Updated

At least 1,075 people have been killed so far in Iraq in June as Sunni militants capture towns and cities in their march toward Baghdad, the United Nations says.

According to the U.N. human rights team in Iraq, there were at least 757 civilians killed and 599 injured in Nineveh, Diyala and Salah al-Din provinces from June 5-22, as troops led by Shiite-led government in Baghdad failed to stop the advance of the Islamic State of Iraq and Syria, also known as ISIS.

"This figure — which should be viewed very much as a minimum — includes a number of verified summary executions and extra-judicial killings of civilians, police, and soldiers who were hors (de) combat," said U.N. human rights office spokesman Rupert Colville, using the French term for soldiers who have signaled they are no longer combatants.

The Iraq team said another 318 people were killed and 590 injured during the same time in Baghdad and areas in the south, many of them from least six separate vehicle-borne bombs. It also is trying to verify what Colville called "a number of alleged human rights violations that have been taking place in Iraq" since ISIS's advances in early June.

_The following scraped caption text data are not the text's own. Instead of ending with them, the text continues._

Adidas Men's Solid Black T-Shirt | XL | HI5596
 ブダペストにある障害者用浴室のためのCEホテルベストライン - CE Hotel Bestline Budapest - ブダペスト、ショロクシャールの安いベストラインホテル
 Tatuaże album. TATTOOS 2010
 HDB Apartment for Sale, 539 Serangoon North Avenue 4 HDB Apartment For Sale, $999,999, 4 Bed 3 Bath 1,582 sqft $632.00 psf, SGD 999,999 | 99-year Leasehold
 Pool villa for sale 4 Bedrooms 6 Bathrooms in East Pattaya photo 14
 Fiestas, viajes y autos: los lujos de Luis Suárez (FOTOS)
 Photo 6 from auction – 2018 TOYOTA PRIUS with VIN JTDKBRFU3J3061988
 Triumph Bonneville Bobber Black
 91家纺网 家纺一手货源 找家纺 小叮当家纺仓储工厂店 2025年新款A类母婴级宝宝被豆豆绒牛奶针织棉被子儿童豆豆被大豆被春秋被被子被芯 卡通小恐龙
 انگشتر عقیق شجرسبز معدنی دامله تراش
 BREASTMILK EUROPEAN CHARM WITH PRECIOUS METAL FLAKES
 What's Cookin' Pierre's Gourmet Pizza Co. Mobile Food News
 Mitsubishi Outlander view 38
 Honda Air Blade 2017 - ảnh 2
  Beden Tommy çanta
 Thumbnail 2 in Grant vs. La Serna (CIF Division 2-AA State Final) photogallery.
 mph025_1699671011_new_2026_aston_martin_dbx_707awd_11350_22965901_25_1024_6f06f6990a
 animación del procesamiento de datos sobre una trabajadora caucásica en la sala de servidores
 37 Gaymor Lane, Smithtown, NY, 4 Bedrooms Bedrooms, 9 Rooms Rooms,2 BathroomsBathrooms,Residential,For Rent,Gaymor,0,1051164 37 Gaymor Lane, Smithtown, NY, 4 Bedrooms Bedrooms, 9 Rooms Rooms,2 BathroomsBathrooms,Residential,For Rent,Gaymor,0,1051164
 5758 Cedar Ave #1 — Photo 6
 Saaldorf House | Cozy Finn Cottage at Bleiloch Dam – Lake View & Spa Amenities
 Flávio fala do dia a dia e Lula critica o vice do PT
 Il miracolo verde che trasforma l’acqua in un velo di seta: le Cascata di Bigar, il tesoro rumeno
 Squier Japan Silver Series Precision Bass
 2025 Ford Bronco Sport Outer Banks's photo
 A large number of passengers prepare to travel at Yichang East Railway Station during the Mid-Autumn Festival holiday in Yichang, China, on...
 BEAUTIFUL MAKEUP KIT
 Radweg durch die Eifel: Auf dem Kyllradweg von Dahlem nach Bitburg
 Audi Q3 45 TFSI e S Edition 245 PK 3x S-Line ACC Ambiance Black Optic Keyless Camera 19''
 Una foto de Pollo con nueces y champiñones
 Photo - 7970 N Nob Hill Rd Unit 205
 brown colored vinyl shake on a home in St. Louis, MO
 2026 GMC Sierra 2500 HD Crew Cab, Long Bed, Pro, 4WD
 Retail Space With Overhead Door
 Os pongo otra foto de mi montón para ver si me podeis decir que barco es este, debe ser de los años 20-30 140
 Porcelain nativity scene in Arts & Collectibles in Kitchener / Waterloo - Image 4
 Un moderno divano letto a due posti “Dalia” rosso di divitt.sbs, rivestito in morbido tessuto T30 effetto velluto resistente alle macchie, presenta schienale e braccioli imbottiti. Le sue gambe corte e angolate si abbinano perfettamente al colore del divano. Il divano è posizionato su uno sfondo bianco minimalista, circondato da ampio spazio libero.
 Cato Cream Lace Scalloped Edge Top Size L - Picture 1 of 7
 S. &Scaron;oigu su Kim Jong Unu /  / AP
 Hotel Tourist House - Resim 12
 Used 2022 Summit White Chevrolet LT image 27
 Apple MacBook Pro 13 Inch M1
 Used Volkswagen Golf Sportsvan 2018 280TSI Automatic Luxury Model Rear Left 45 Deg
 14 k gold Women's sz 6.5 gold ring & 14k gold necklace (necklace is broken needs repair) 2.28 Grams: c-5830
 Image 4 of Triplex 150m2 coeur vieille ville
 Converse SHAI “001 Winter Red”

Colville told reporters in Geneva that kidnappings of foreigners and others continue in the northern provinces and in Baghdad, including 48 Turkish citizens taken from Turkey's consulate when ISIS captured Mosul and 40 Indian nationals who had been working for an Iraqi construction company.

But he said 16 Georgians reported kidnapped 10 days ago have been released, and 44 other foreign workers abducted by ISIS when they captured Al-Door also have been freed and returned safely after local tribal leaders negotiated between the Iraqi army and ISIS.

"Tragically some of those who have been abducted have been subsequently found dead, and summary executions also apparently continue to take place," Colville said.

The figures came after Shiite Turkmen villagers in northern Iraq claimed that ISIS carried out a "savage massacre" in four villages near the city of Kirkuk.

The Associated Press contributed to this report.